科学的に不明な現象を扱う技術の成功には、必ず運もあるはずで、運をどのように成功へ結びつけたのかは実際に体験させるのが難しく、語り継ぐ以外に伝えることができない。

 

しかし、失敗事例にはその原因をいくつあげても底なしとなる場合が多い。さらに、失敗となるような状況に遭遇しても成功できる不思議さを学ぶことが技術者として重要である。

 

新入社員研修で聞いたいくつかの成功事例には、ほとんどが失敗したかもしれないミスがあったそうである。成功事例にはそれを語る効用があるが、実験に失敗しているときには、同様の失敗事例を語り、どのように問題解決したら良いのか一緒に考えてくれる上司こそ尊敬される上司である。

 

失敗している最中にどや顔をされたら泣きっ面に蜂となる。

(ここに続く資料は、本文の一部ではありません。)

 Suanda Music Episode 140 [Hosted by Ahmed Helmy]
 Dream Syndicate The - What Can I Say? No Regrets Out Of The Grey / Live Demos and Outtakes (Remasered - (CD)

それでもめげず開発をしなければいけないのが技術開発の現場である。ゴム会社に入社して間もない頃、ホスファゼン変性ポリウレタンフォームを工場試作まで半年で完成させたが、これはその後営業会議で大失敗とされた。

 

ホスファゼンがまだ市販されていない材料でありすぐに商品化できない技術だったからである。上司はその会議で新入社員の責任と語ったそうで、そのため始末書を当方は書かされた。ただ始末書には、リベンジを決意したことを書いた。そして半年後に燃焼時にガラスを生成する低コストの難燃化技術を実用化しリベンジに成功した。上司は運営委員を務められていた高分子の崩壊と安定化研究会へ報告するように当方へ指示されたが、これは技術者としての学会デビューの機会になった。この失敗体験は30年以上前の出来事だが、リーダーのあり方も含め今でも忘れられない思い出である。